• **Records to use**
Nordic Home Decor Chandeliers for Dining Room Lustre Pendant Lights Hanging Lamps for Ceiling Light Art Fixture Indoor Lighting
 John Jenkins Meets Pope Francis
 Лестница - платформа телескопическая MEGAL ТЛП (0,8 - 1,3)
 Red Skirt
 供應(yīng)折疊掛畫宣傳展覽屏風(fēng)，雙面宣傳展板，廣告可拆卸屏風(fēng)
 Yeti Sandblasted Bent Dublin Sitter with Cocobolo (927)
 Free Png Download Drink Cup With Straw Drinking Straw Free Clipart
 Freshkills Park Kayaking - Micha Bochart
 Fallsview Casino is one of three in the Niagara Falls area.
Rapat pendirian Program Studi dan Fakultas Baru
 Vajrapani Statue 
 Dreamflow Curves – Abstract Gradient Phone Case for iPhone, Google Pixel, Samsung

• **Task to complete**
Give back, exactly as written, the stretch from the line with "John Jenkins Meets Pope Francis" through the line with "Free Png Download", and no other lines from the records above.

• **Your solution**
 John Jenkins Meets Pope Francis
 Лестница - платформа телескопическая MEGAL ТЛП (0,8 - 1,3)
 Red Skirt
 供應(yīng)折疊掛畫宣傳展覽屏風(fēng)，雙面宣傳展板，廣告可拆卸屏風(fēng)
 Yeti Sandblasted Bent Dublin Sitter with Cocobolo (927)
 Free Png Download Drink Cup With Straw Drinking Straw Free Clipart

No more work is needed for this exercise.